Kirchengeschichte: Mittelalter

Titel/Untertitel:

The Revelations of St. Birgitta of Sweden. Vol. 2: Liber Caeles­tis, Books IV–V. Transl. by D. Searby. With Introductions and Notes by B. Morris.

Verlag:

Oxford: Oxford University Press 2008. XIX, 339 S. m. Abb. gr.8°. Lw. £ 40,00. ISBN 978-0-19-516626-2.

Rezensent:

Volker Leppin

Birgitta von Schweden gehört zu den herausragenden Gestalten der mittelalterlichen Frömmigkeitsgeschichte. Ihre Visionen, de­ren Sammlung die Revelationes caelestes darstellen, haben tief in die europäische Religionsgeschichte eingegriffen, vor allem da­durch, dass sie wie Katharina von Siena, mit göttlicher Autorität die avignonesischen Päpste nach Rom zurückrief.

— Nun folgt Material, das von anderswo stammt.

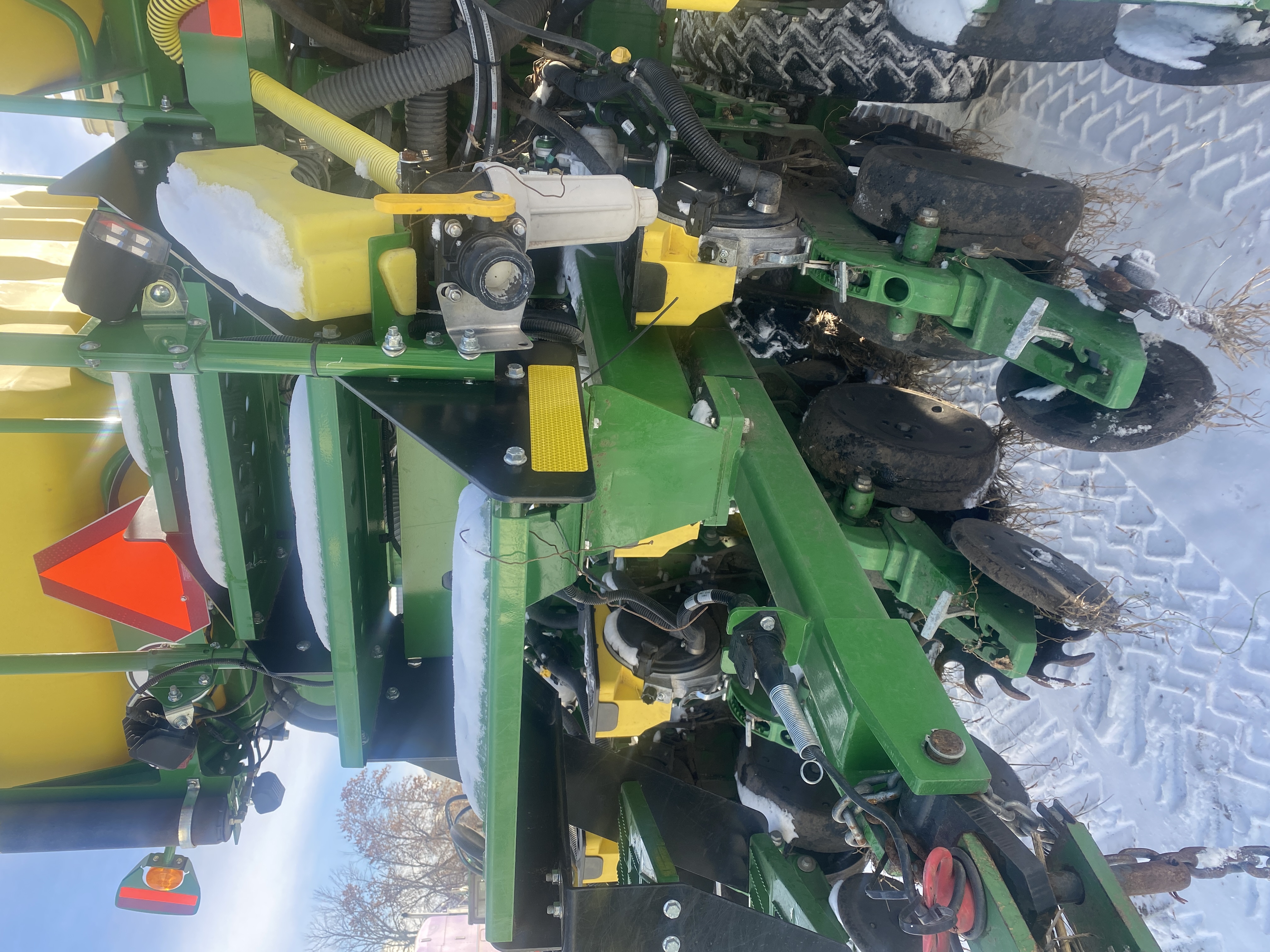 2022 John Deere DB60 Planter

Im Verhältnis zu dieser kirchenpolitischen Wirkung hat ihre Theologie noch nicht die Aufmerksamkeit gewonnen, die sie verdient.
Der Band, Teil einer auf vier Bände angelegten englischen Übersetzung ihres Hauptwerkes, zeigt, wie viel hier zu gewinnen wäre. B. erscheint darin zunächst und vor allem natürlich als eine asketisch orientierte Frauengestalt, die den spirituellen Weg prägte, auf dem ihr dann der Birgittenorden folgte. Aber es finden sich auch etwa ein Dialog zwischen Teufel und Christus über die Realpräsenz in der Eucharistie (Buch 4, Kapitel 63) oder Ausführungen zur Be­deutung des Todes, über das Verhältnis von Geist und Leib. In der sensiblen Wahrnehmung der Beiträge auch von Frauen zum theologischen Diskurs ist die angelsächsische Forschung um einiges weiter als die deutschsprachige, wohl nicht zuletzt, weil diese Fragestellungen in den Kulturwissenschaften insgesamt fest verankert sind.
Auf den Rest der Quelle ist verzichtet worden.